**Information supplied**
*** Block opens ***
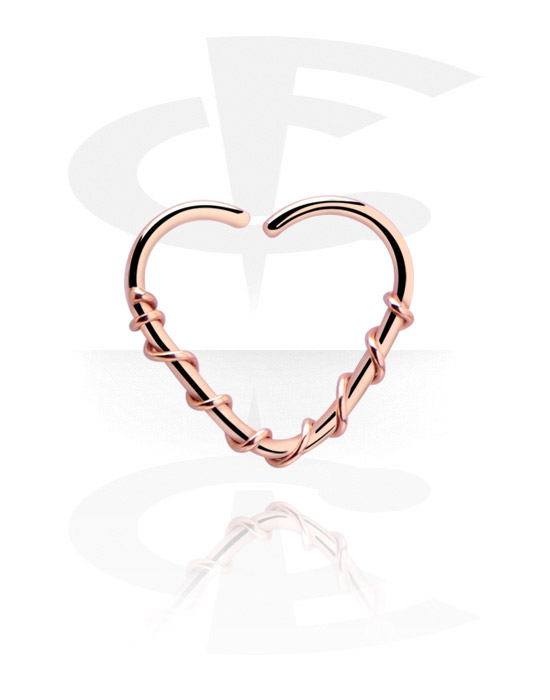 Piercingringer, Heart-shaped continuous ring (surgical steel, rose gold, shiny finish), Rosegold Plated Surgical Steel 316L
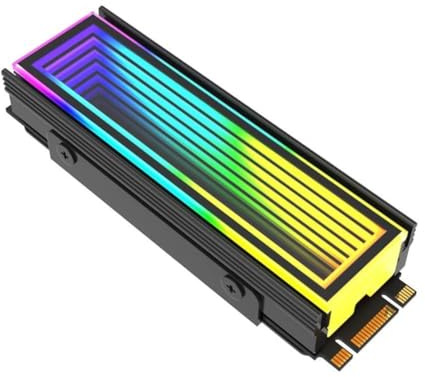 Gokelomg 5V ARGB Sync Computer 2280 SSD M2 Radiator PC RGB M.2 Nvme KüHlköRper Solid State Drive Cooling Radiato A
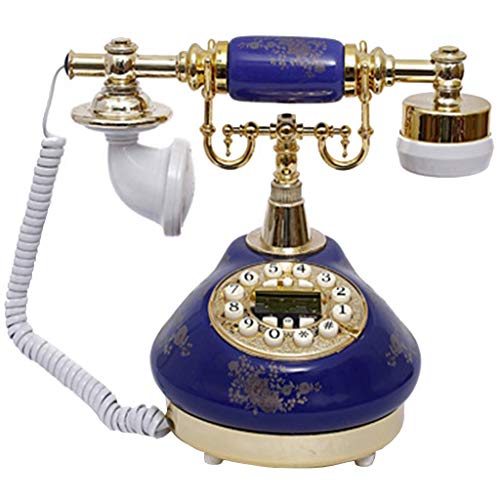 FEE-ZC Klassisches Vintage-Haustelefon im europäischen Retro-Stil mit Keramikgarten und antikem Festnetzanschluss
*** Block closes ***
**What to work on**
Return all the data exactly, pictures omitted.

**Answer box**
 Piercingringer, Heart-shaped continuous ring (surgical steel, rose gold, shiny finish), Rosegold Plated Surgical Steel 316L
 Gokelomg 5V ARGB Sync Computer 2280 SSD M2 Radiator PC RGB M.2 Nvme KüHlköRper Solid State Drive Cooling Radiato A
 FEE-ZC Klassisches Vintage-Haustelefon im europäischen Retro-Stil mit Keramikgarten und antikem Festnetzanschluss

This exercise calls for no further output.